Deep learning frameworks have become powerful tools for approaching scientific problems such as turbulent flow, which has wide-ranging applications. In practice, however, existing scientific machine learning approaches have difficulty fitting complex, multi-scale dynamical systems to very high precision, as required in scientific contexts. We propose using the novel multistage neural network approach with a spectrum-informed initialization to learn the residue from the previous stage, utilizing the spectral biases associated with neural networks to capture high frequency features in the residue, and successfully tackle the spectral bias of neural networks.
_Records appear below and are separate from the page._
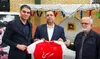 با مشارکت باشگاه پرسپولیس انجام شد: آزادی ۳۷ زندانی در مشهد در قالب پویش «مهر سرخ»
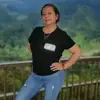 Stella Carrillo - @stella.carrillo2 - TikTok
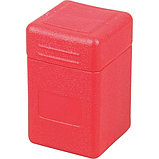 Горелка газовая Fast Track (OneSize), фото 4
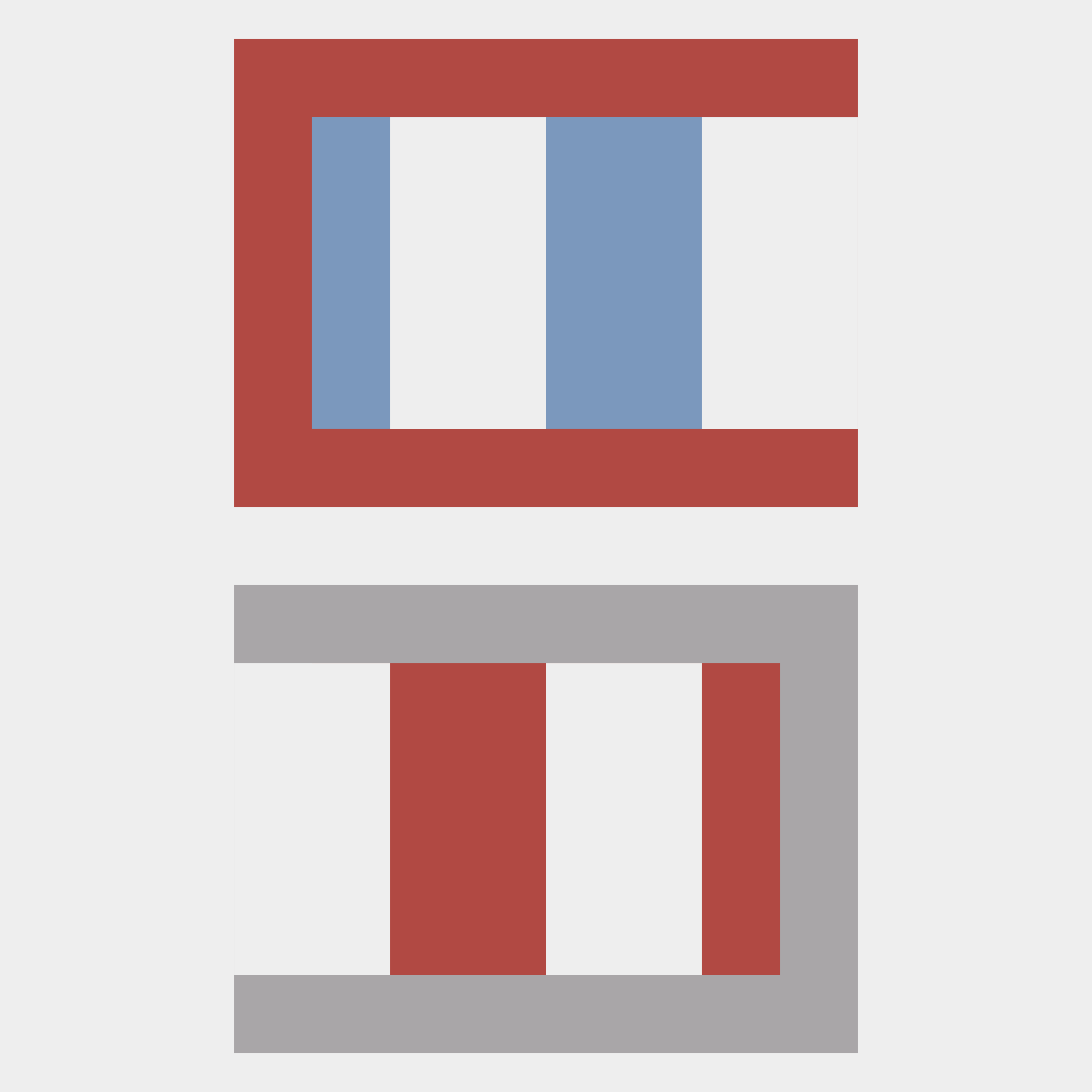 Art Blocks - Art Blocks v2 - Placement #467 - NFT # 205000467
This approach allows the neural network to fit target functions to double floating-point machine precision $O(10^{-16})$.

Figures (3)

• Figure 1: ($a$) Target function $u_g(x, y)$ for a 2-D regression problem. ($b$) Errors of neural networks with the target function $u_g$ after different stages of training using the original multi-stage neural networks (MSNNs) where the scaling factor was used to mitigate the spectral biases of the network training. The 3rd-stage residue reaches $O(10^{-8})$. ($c$) Errors after different stages of training using spectrum-informed initialization for both weights and biases of the network, which reaches $O(10^{-13})$ by the 3rd stage of training.
• Figure 2: (a) Target function $\psi(x, y)$, a single time snapshot of the numerical solution of the stream function for the 2D incompressible Navier-Stokes equations \ref{['eq:nse1']} and \ref{['eq:nse2']} with Re = 2000. (b--e) The residues after each of the four stages of training, which are the target functions for the next stages. After four stages, the residue has approached machine precision $O(10^{-16})$. (g) Result of the Spectrum-Informed Multistage Neural Network (SI-MSNN) with four stages of training. (h--j) The spectral domain of each of the residues.
• Figure 3: Left: A comparison of the power spectrum of the 2D Navier-Stokes example in Fig. \ref{['fig:multistage-results']} given by a single-stage SI-MSNN and a four-stage SI-MSNN, each with three hidden layers of width 30. The single-stage SI-MSNN has first layer width $n_f = 10000$. The first stage of the four-stage SI-MSNN has first layer width $n_f = 1359$, based on the number of primary Fourier modes present, and the remaining stages all have first layer width $n_f = 10000.$ Right: The loss convergence of a single-stage SI-MSNN compared to a four-stage SI-MSNN, where training terminates when machine precision is reached.